TASK DATA:
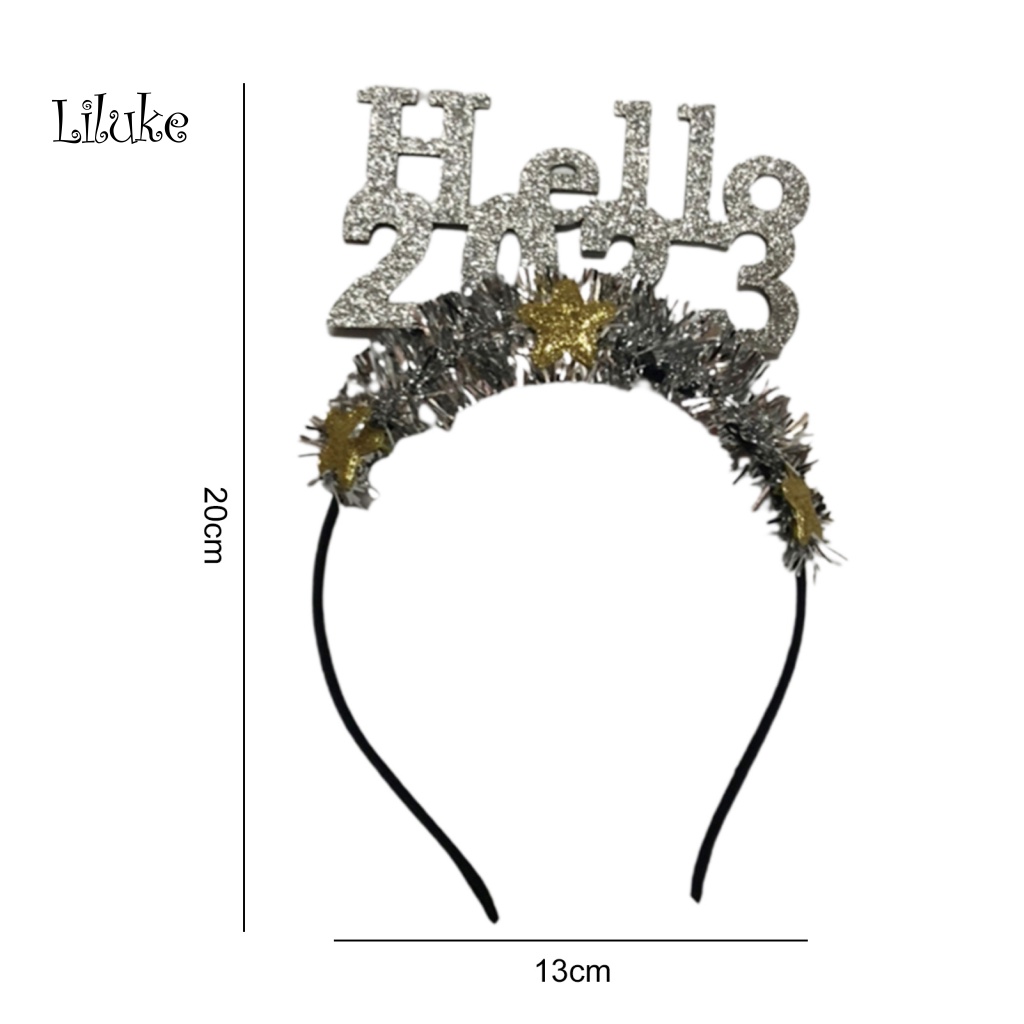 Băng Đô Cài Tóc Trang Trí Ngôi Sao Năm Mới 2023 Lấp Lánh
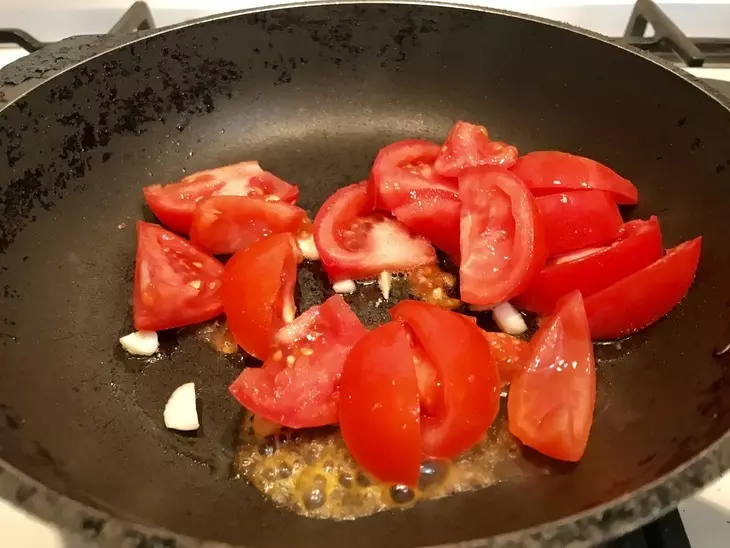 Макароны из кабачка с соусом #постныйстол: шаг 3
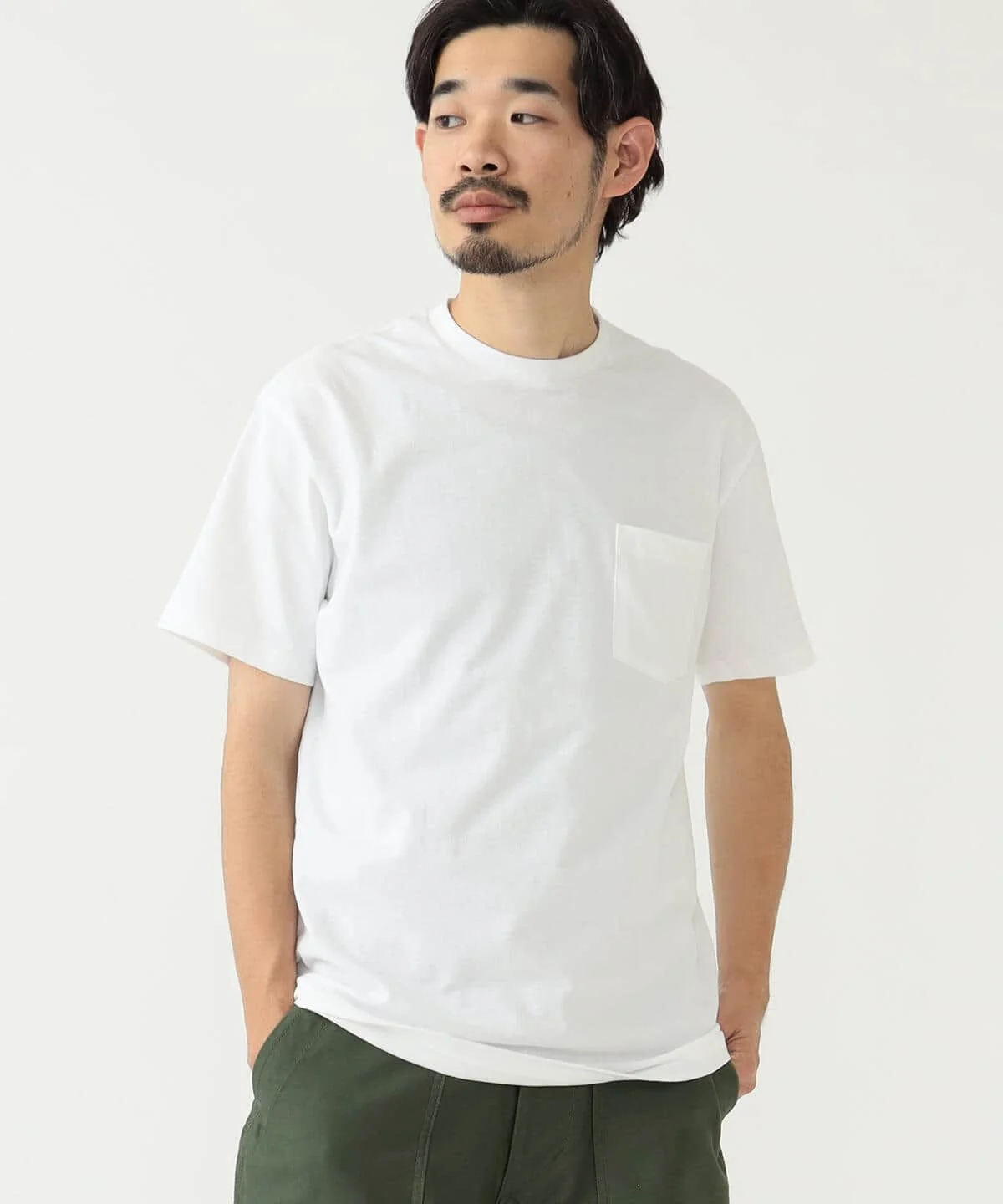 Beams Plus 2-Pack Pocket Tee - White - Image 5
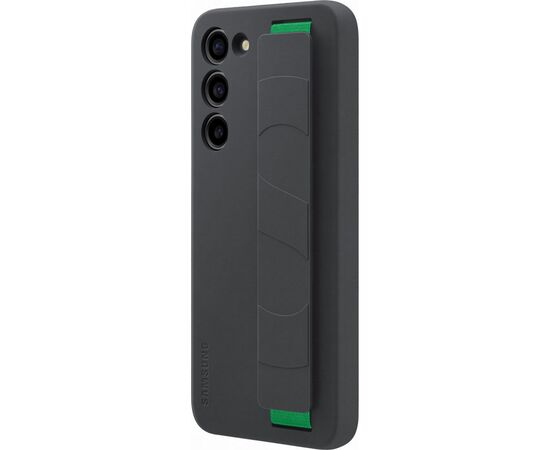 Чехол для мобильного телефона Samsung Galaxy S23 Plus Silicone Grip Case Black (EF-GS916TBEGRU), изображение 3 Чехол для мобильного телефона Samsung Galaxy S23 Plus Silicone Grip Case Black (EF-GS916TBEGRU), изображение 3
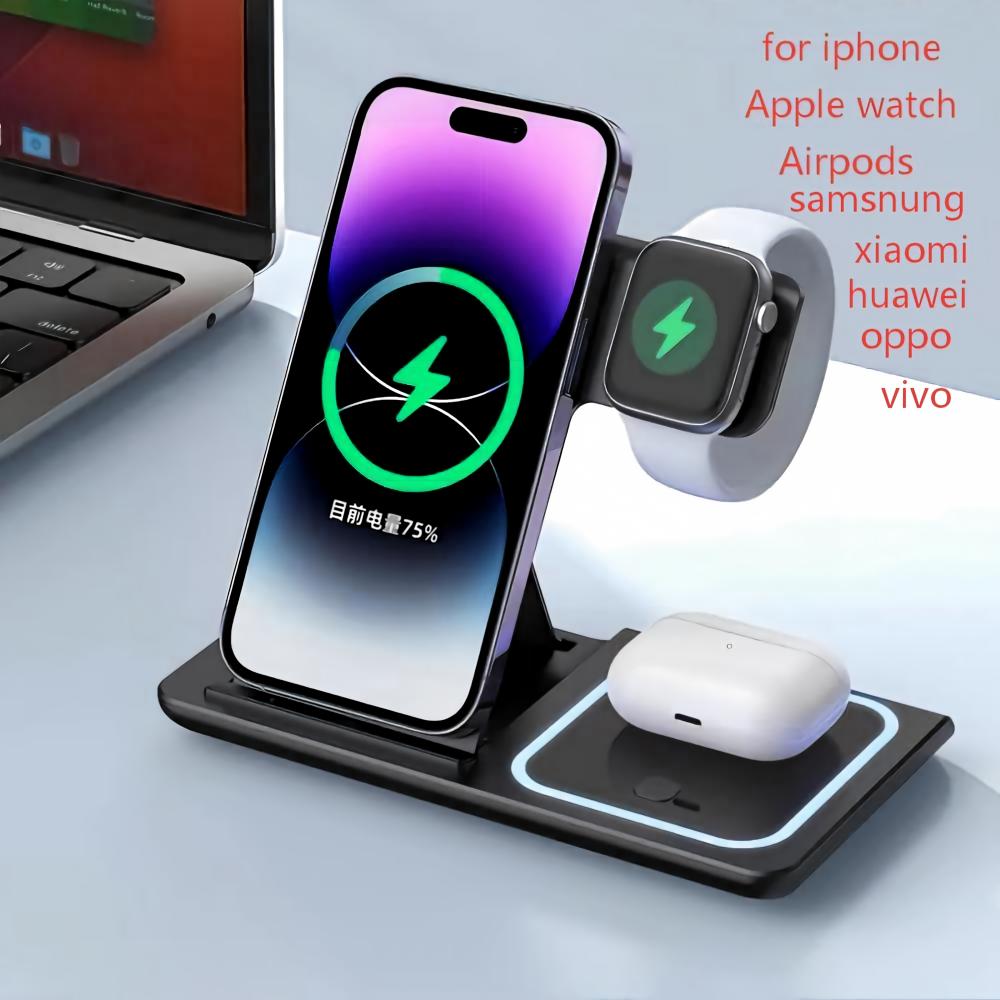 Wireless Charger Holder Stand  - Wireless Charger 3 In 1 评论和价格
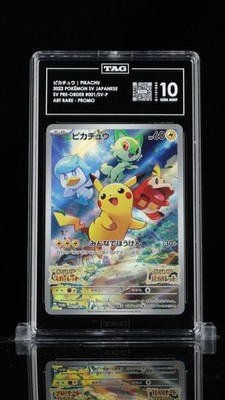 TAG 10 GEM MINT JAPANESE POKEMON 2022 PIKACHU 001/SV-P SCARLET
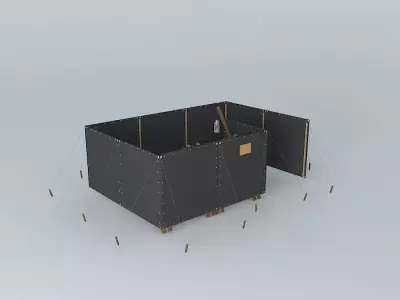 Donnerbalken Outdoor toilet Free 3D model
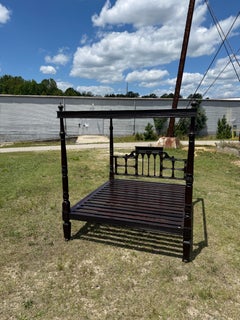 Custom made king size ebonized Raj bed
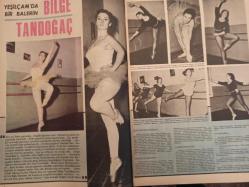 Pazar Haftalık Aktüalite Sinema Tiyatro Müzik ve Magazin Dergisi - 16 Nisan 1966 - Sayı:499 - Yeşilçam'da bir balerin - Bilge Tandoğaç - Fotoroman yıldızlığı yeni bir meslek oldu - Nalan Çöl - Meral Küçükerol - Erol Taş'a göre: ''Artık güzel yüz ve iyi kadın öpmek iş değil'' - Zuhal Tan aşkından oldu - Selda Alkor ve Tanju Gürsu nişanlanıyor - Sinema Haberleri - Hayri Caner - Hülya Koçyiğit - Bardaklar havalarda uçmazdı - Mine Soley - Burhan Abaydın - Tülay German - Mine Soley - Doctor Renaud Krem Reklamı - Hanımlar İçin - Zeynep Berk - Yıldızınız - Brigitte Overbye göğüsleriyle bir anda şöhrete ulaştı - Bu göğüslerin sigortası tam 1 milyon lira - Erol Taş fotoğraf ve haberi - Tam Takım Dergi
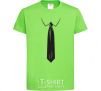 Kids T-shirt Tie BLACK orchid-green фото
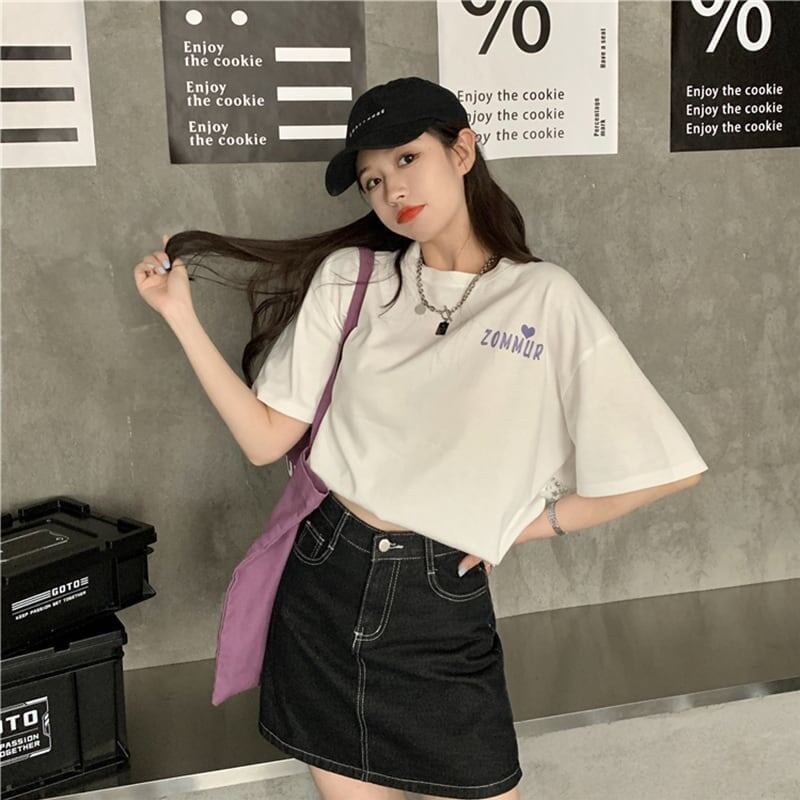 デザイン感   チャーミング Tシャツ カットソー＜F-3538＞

WORK TO BE COMPLETED: Above are some entries. Restate word for word the lines from the one holding "Beams Plus 2-Pack" through the one holding "Custom made king size ebonized Raj bed", but not the pictures.

RESPONSE AREA:
 Beams Plus 2-Pack Pocket Tee - White - Image 5
 Чехол для мобильного телефона Samsung Galaxy S23 Plus Silicone Grip Case Black (EF-GS916TBEGRU), изображение 3 Чехол для мобильного телефона Samsung Galaxy S23 Plus Silicone Grip Case Black (EF-GS916TBEGRU), изображение 3
 Wireless Charger Holder Stand  - Wireless Charger 3 In 1 评论和价格
 TAG 10 GEM MINT JAPANESE POKEMON 2022 PIKACHU 001/SV-P SCARLET
 Donnerbalken Outdoor toilet Free 3D model
 Custom made king size ebonized Raj bed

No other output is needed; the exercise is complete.